Cash Dispensing: Fees and Charges

(asked on 18th December 2017) - View Source

Question to the HM Treasury:

To ask Mr Chancellor of the Exchequer, what assessment his Department has made of the effect of the proposal by the LINK network of AGM providers to reduce interchange fees on (a) consumers, (b) small business and (c) high streets and (d) access to cash for customers; whether his Department has made an assessment of the combined effect of that proposal with a reduction in the availability of banks on (i) consumers and (ii) businesses; and what progress has been made on the commitment he gave in his evidence to the House of Lords Exclusion Committee on engaging with the LINK network and its members to ensure that widespread free access to cash is maintained.


Answered by
Steve Barclay Portrait
Steve Barclay
Secretary of State for Environment, Food and Rural Affairs
This question was answered on 21st December 2017

The Government recognises that widespread free access to cash remains extremely important to the day-to-day lives of many consumers and businesses in the UK, and will continue to work with industry to ensure that this access continues. Since 1998, the number of free to use ATMs has more than doubled, from 24,600 to over 53,000.

The Government has not made any formal assessment of the potential effect of LINK’s proposals to reduce interchange fees in isolation, or in combination with bank branch closures. However, the Payment Systems Regulator (PSR), which Government set up in 2015 with the statutory objective to ensure that the UK’s payment systems work in the interests of their users is monitoring developments within ATM provision, and is conducting ongoing internal work on the impact that changes may have on ATM provision. Government is confident that the PSR will use its powers to act should any of the firms it regulates behave in a way that conflicts with its statutory objectives.

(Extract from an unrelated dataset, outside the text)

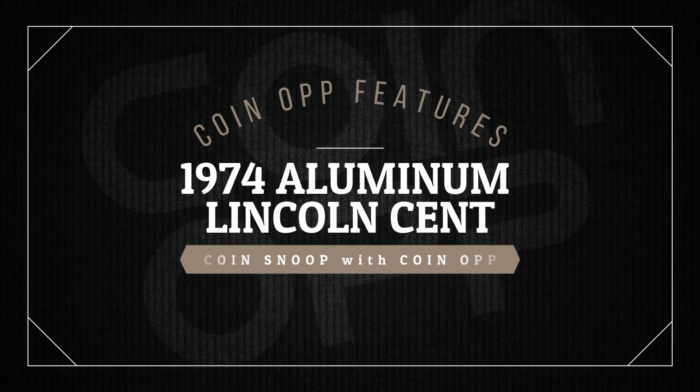Hey there YouTube coin community, this is Coin Snoop with Coin Eye, and today I've got an incredible story to share with you. It's a real gem in the world of coins, and trust me, you won't believe the twists and turns in its history. So let's start and roll the intro.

The Government is engaging regularly with LINK and its members, and they have assured us that industry is committed to maintaining an extensive network of free-to-use cash machines, and to ensuring that the present geographical spread of ATMs is maintained. LINK intend to bolster their Financial Inclusion Programme, which ensures the provision of ATMs in areas of deprivation, where demand would not otherwise make one viable, and have recently also committed to protecting all free-to-use ATMs which are a kilometre or more from the next nearest free-to-use ATM. The Government expects this additional commitment to be of particular benefit to rural areas.